Mastering Mesos
上QQ阅读APP看书,第一时间看更新

The architecture of Mesos

Mesos is an open-source platform for sharing clusters of commodity servers between different distributed applications (or frameworks), such as Hadoop, Spark, and Kafka among others. The idea is to act as a centralized cluster manager by pooling together all the physical resources of the cluster and making it available as a single reservoir of highly available resources for all the different frameworks to utilize. For example, if an organization has one 10-node cluster (16 CPUs and 64 GB RAM) and another 5-node cluster (4 CPUs and 16 GB RAM), then Mesos can be leveraged to pool them into one virtual cluster of 720 GB RAM and 180 CPUs, where multiple distributed applications can be run.

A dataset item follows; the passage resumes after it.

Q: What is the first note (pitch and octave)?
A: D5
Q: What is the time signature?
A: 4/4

Sharing resources in this fashion greatly improves cluster utilization and eliminates the need for an expensive data replication process per-framework.

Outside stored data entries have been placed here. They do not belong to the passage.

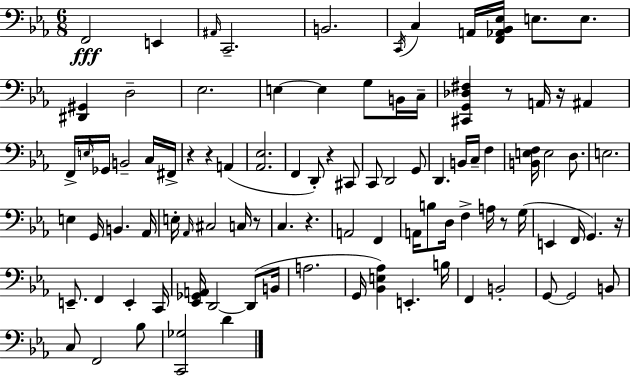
X:1
T:Untitled
M:6/8
L:1/4
K:Eb
F,,2 E,, ^A,,/4 C,,2 B,,2 C,,/4 C, A,,/4 [F,,_A,,_B,,_E,]/4 E,/2 E,/2 [^D,,^G,,] D,2 _E,2 E, E, G,/2 B,,/4 C,/4 [^C,,G,,_D,^F,] z/2 A,,/4 z/4 ^A,, F,,/4 E,/4 _G,,/4 B,,2 C,/4 ^F,,/4 z z A,, [_A,,_E,]2 F,, D,,/2 z ^C,,/2 C,,/2 D,,2 G,,/2 D,, B,,/4 C,/4 F, [B,,E,F,]/4 E,2 D,/2 E,2 E, G,,/4 B,, _A,,/4 E,/4 _A,,/4 ^C,2 C,/4 z/2 C, z A,,2 F,, A,,/4 B,/2 D,/4 F, A,/4 z/2 G,/4 E,, F,,/4 G,, z/4 E,,/2 F,, E,, C,,/4 [_E,,_G,,A,,]/4 D,,2 D,,/2 B,,/4 A,2 G,,/4 [_B,,E,_A,] E,, B,/4 F,, B,,2 G,,/2 G,,2 B,,/2 C,/2 F,,2 _B,/2 [C,,_G,]2 D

Some of the important features of Mesos are:

  • Scalability: It can elastically scale to over 50,000 nodes
  • Resource isolation: This is achieved through Linux/Docker containers
  • Efficiency: This is achieved through CPU and memory-aware resource scheduling across multiple frameworks
  • High availability: This is through Apache ZooKeeper
  • Monitoring Interface: A Web UI for monitoring the cluster state

Mesos is based on the same principles as the Linux kernel and aims to provide a highly available, scalable, and fault-tolerant base for enabling various frameworks to share cluster resources effectively and in isolation. Distributed applications are varied and continuously evolving, a fact that leads Mesos design philosophy towards a thin interface that allows an efficient resource allocation between different frameworks and delegates the task of scheduling and job execution to the frameworks themselves. The two advantages of doing so are:

  • Different frame data replication works can independently devise methods to address their data locality, fault-tolerance, and other such needs
  • It simplifies the Mesos codebase and allows it to be scalable, flexible, robust, and agile

Mesos' architecture hands over the responsibility of scheduling tasks to the respective frameworks by employing a resource offer abstraction that packages a set of resources and makes offers to each framework. The Mesos master node decides the quantity of resources to offer each framework, while each framework decides which resource offers to accept and which tasks to execute on these accepted resources. This method of resource allocation is shown to achieve a good degree of data locality for each framework sharing the same cluster.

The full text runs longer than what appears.